Description of problem: With paging turned on, a large number of PagePositionImpl instances in memory, and do not away until garbage collection kicks in. Version-Release number of selected component (if applicable): How reproducible: Steps to Reproduce: 1. 2. 3. Actual results: Expected results: Additional info:
fix and test using byteman. Replicating 100% every time: https://github.com/clebertsuconic/hornetq/commit/dc9f121cd0b23a062bb362b4f12bef916627c1e6
I read customer ticket and it seems that customer can still see many PagePositionImpl instances in memory. I've wrote my test simulating customer issue and watched the memory using visualvm. Also created a few heap dumps. PagePositionImpl instances are growing and never garbage collected. To reproduce the problem follow those steps: Clone our testsuite from git: git://git.app.eng.bos.redhat.com/jbossqe/eap-tests-hornetq.git Go to eap-tests-hornetq/scripts and run groovy script PrepareServers.groovy with -DEAP_VERSION=6.4.0.DR13 parameter (groovy at least 2.2.1+ must be used): groovy -DEAP_VERSION=6.4.0.DR13 PrepareServers.groovy (Script will prepare 4 servers - server1..4 in the directory where are you currently standing.) Export these paths to server directories and mcast address: export JBOSS_HOME_1=$PWD/server1/jboss-eap export JBOSS_HOME_2=$PWD/server2/jboss-eap export JBOSS_HOME_3=$PWD/server3/jboss-eap export JBOSS_HOME_4=$PWD/server4/jboss-eap export MCAST_ADDR=235.3.4.5 Go to jboss-hornetq-testsuite/ and switch to "pageLeak" branch: git checkout pageLeak and run this test which will hit OOM eventually: mvn clean install -Dtest=PageLeakSoakTestCase#testPageLeaking | tee log Measure memory of EAP 6.4.0.DR13 server and make some heap dumps. See that memory consumption is growing.

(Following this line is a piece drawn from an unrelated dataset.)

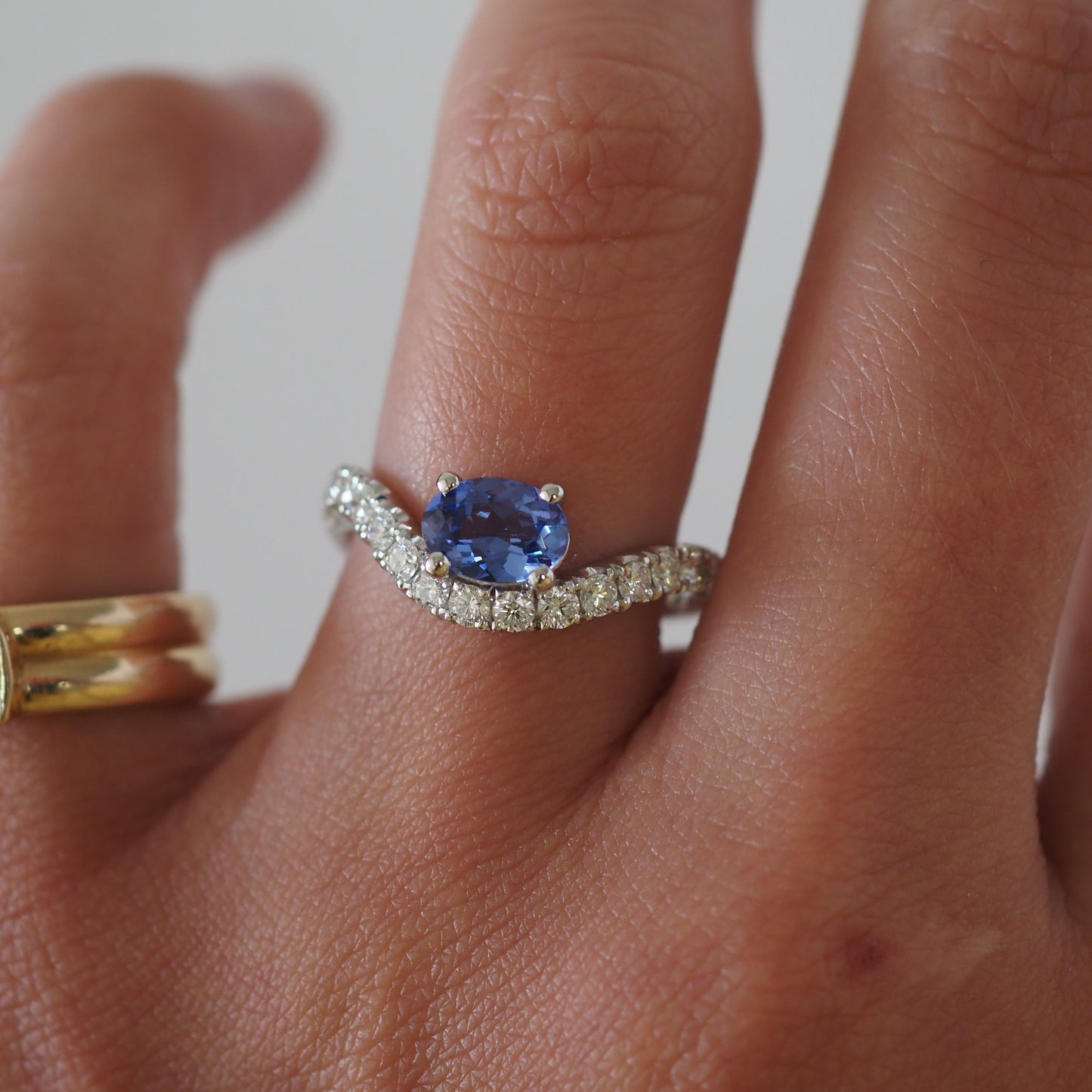 Wavy Tanzanite ring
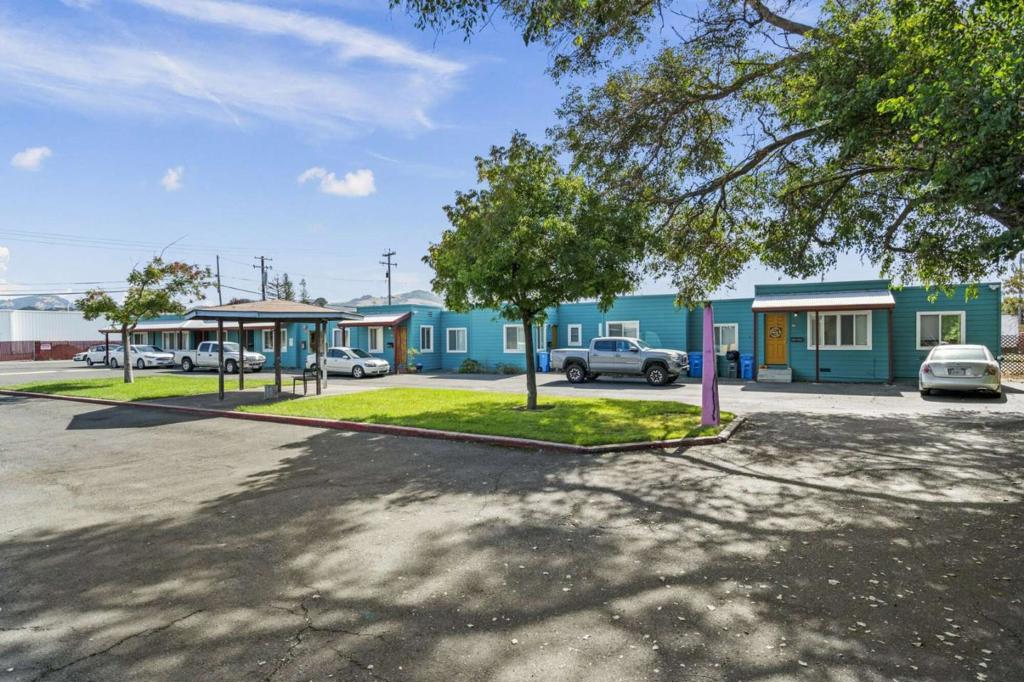 1015 S A Street, Santa Rosa, CA 95404 — photo 1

Adding test scenario of PageLeakSoakTestCase#testPageLeaking test: 1. Start EAP 6.3.0.DR13(HQ 2.3.24.Final) with deployed InTopic 2. Start 2 subscribers - slow subscriber which reads 1 msg/s (Thread.sleep(1000); after each receive) - fast subscriber which read at maximum sleep 3. Start publisher which sends 10 000 000 messages to InTopic
I did a typo in step. 1 - it's 6.4.0.DR13
I did some observation. Number of PagePositionImpl instances goes down only if number of messages for slow subscriber goes down. This happens if slow subscriber read messages faster than publisher is sending them. It seems that number of PagePositionImpl instances is equal to number of files in messagingpaging directory.
I don't think the user is still hitting an issue. AFAIK the issue is fixed... GC kicked in should send the instances away after my fix.

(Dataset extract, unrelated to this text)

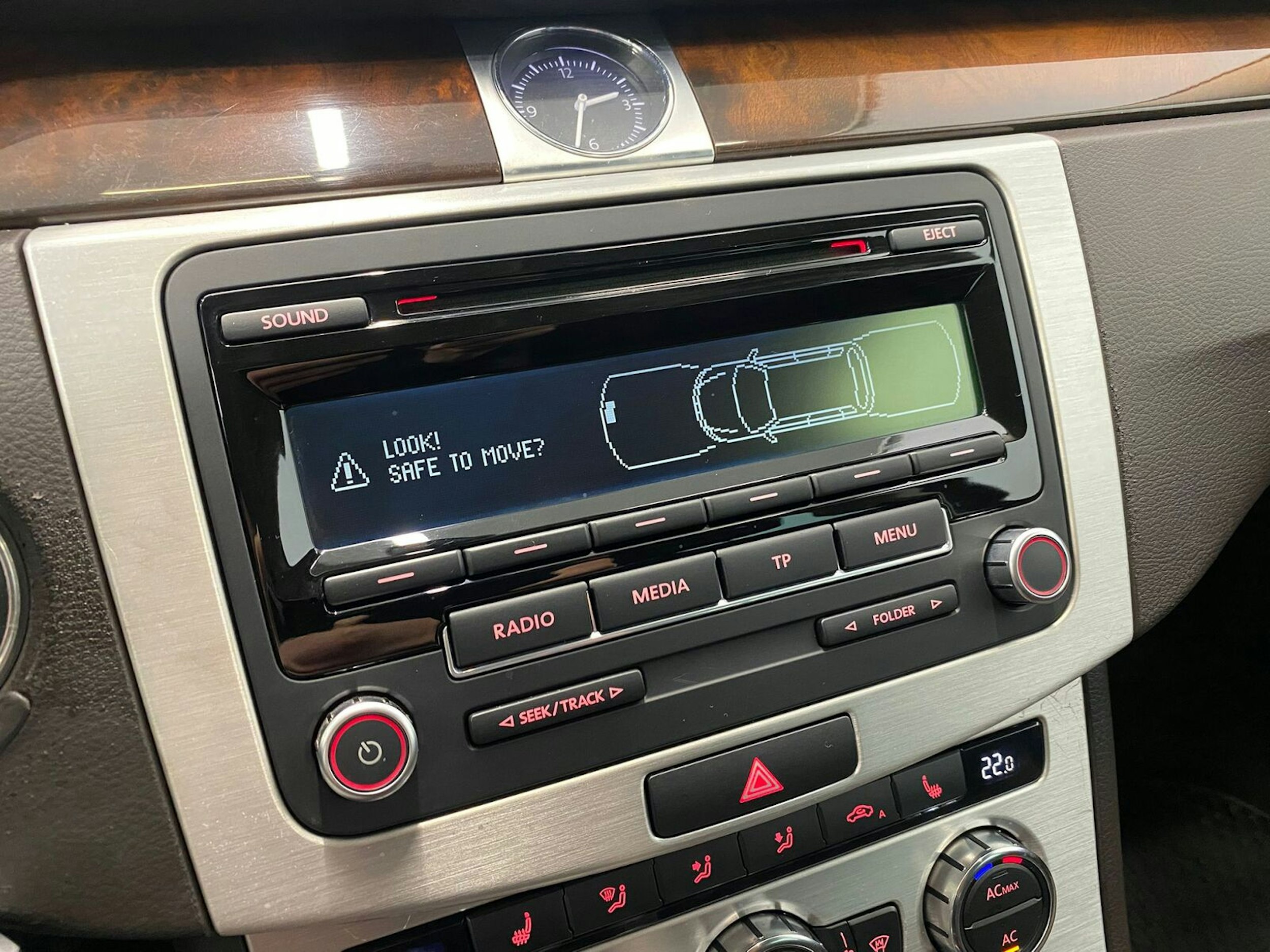 harmaa Volkswagen Passat 2012 kuva 20.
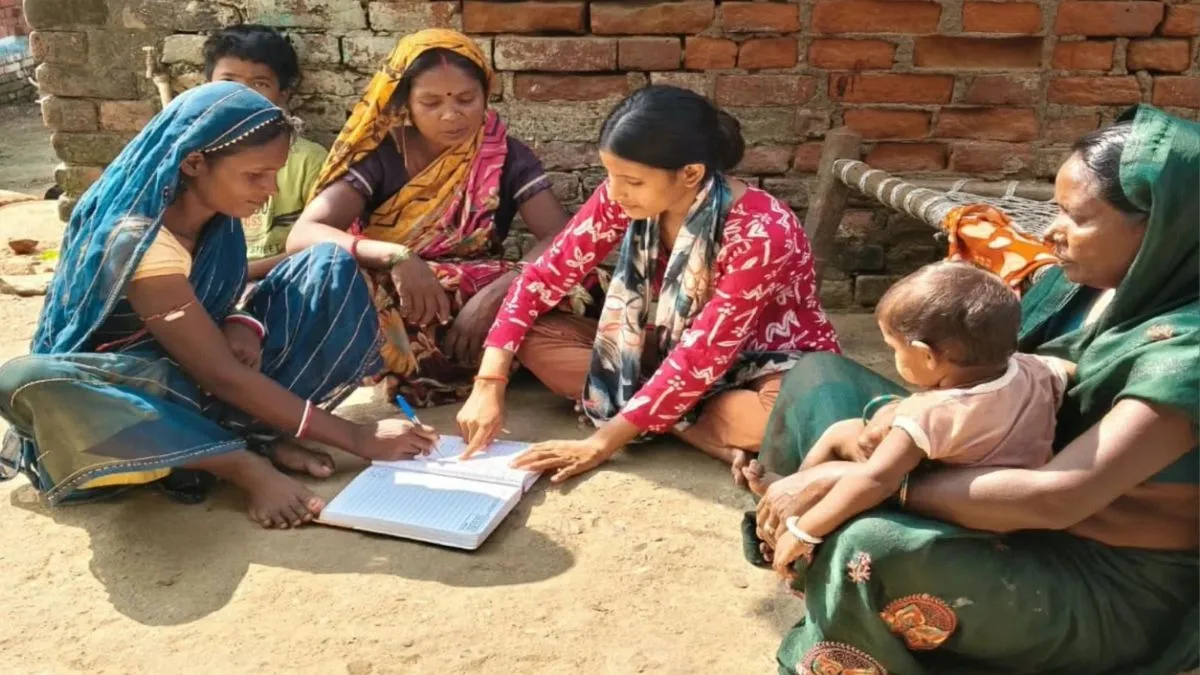 Munger Dharhara Khushi Kumari Empowers 50 Women with Literacy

I'm not sure whether all problems were resolved. PagePositionImpl instance appears to created for every page file. This can eventually lead to OOM if number of page files goes to 10 thousands. It appears that those instances are GC-ed only if all messages in the page file are read.

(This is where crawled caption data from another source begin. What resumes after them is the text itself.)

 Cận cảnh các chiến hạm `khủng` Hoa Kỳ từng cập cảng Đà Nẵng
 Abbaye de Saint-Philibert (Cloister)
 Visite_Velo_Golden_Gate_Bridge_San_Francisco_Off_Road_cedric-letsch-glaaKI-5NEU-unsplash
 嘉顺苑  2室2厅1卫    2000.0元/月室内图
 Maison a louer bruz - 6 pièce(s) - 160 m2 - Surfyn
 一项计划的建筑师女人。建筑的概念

Otherwise they're held in memory. Is it limitation of paging?
The PagePosition is kept in Memory on a soft cache. Whenever it needs memory the soft-cache is released. The cache has a limited size as well, whenever you move to reading a different page, the pagePosition should be released. any GC operation should release the object... Now if you are seeing infinite grow on any test than I would like to see it and it would be an issue. Otherwise it's working as supposed to
>> It seems that number of PagePositionImpl instances is equal to number of files in messagingpaging directory. << That's expected until you release the entire page file. When you have a consumer behind, I will remove all the page-positions and keep one per file, until the file is removed. It's what I call the page-completion... so this is as engineered.... Paging is not a database and it should not be used as that... in case there is a large number of files my recommendation is to user a large page-size. So, I don't see any issues so far. If you found a situation where the number of pagePositions would grow indefinitely then it's an issue.
Thanks for feedback. So those instances are because of page-completion and it's by design. As you mentioned increasing page-size-bytes reduces number of page files and number of PagePositionImpl instances in memory. Setting this bz as verified then.